The other thing I've seen that is impossible to quantify because you don't see it until it happens that these systems can allow people to do work that they otherwise would not have been able to do. I don't think there is a good way to account for that. So let's say your talented developer builds a system that can do the work of a couple hundred employees.
One obvious side effect of this is that those couple hundred employees simply don't have jobs anymore. The other side effect I've seen, which is more interesting in a lot of ways, is that those folks end up finding ways to do more or better work that adds a lot more value.
In my experience most of these systems that end up doing the work of many people don't just suddenly appear on a given date and immediately make people obsolete. They evolve over time. I think that is what accounts for the perception of the high cost of development in most cases. If you could say "I'm going to start on Feb 10, 2010, finish on June 22, 2011 and have a system that will do the work of 325 employees" it would be very, very simple to figure out if that system should be built based on cost. You take the salaries and benefits of the people that will be replaced, the cost of the effort to build the system and an estimate of maintenance and figure out what side of the fence the value of the system lives on. That just doesn't seem to happen in real life, though.

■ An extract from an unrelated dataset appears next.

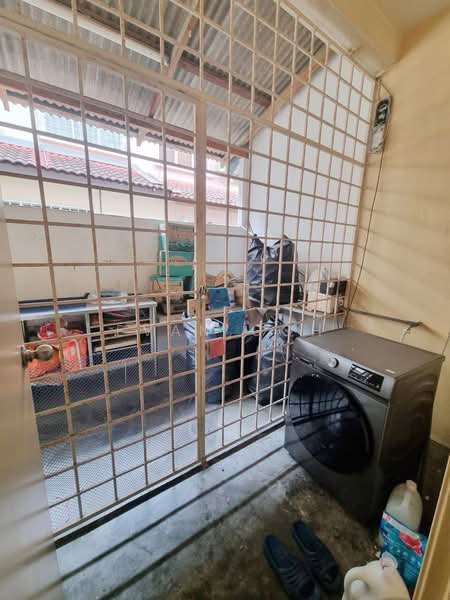 2-storey Terraced House for Sale in Bandar Kinrara Seksyen 5 (Bandar Kinrara) - Evan Goh - Interior - PropertyGuru.com.my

What happens is that you say it will be done on June 22, 2011 and it isn't really done until Mid November. So the people are still working. And the system doesn't work 100% correctly so you can't just fire everybody since you need to produce things correctly for your clients. And it's unknown how long it will take to work all the bugs out of the system. Over time, as issues are worked out, people move onto other things as the system does the more rote parts of all these people's jobs. Maybe some people are entirely replaceable, but not all of them as initially projected, so instead of getting rid of 325 employees maybe only 100 or so end up having to look for new jobs. I don't think there's a way to account for the value of what the existing employees are doing very easily, or to account for the time savings, so what you have is a system that was delivered many months late, that probably sent you quite a bit over budget and it only 'saved' you about 1/3 of what you originally projected. That's pretty much a failure by every measurable objective that you had at the outset. From this viewpoint you are telling people that a system that cost much more than you said and saved them much less than projected is a success?
I don't think that scenario is very uncommon.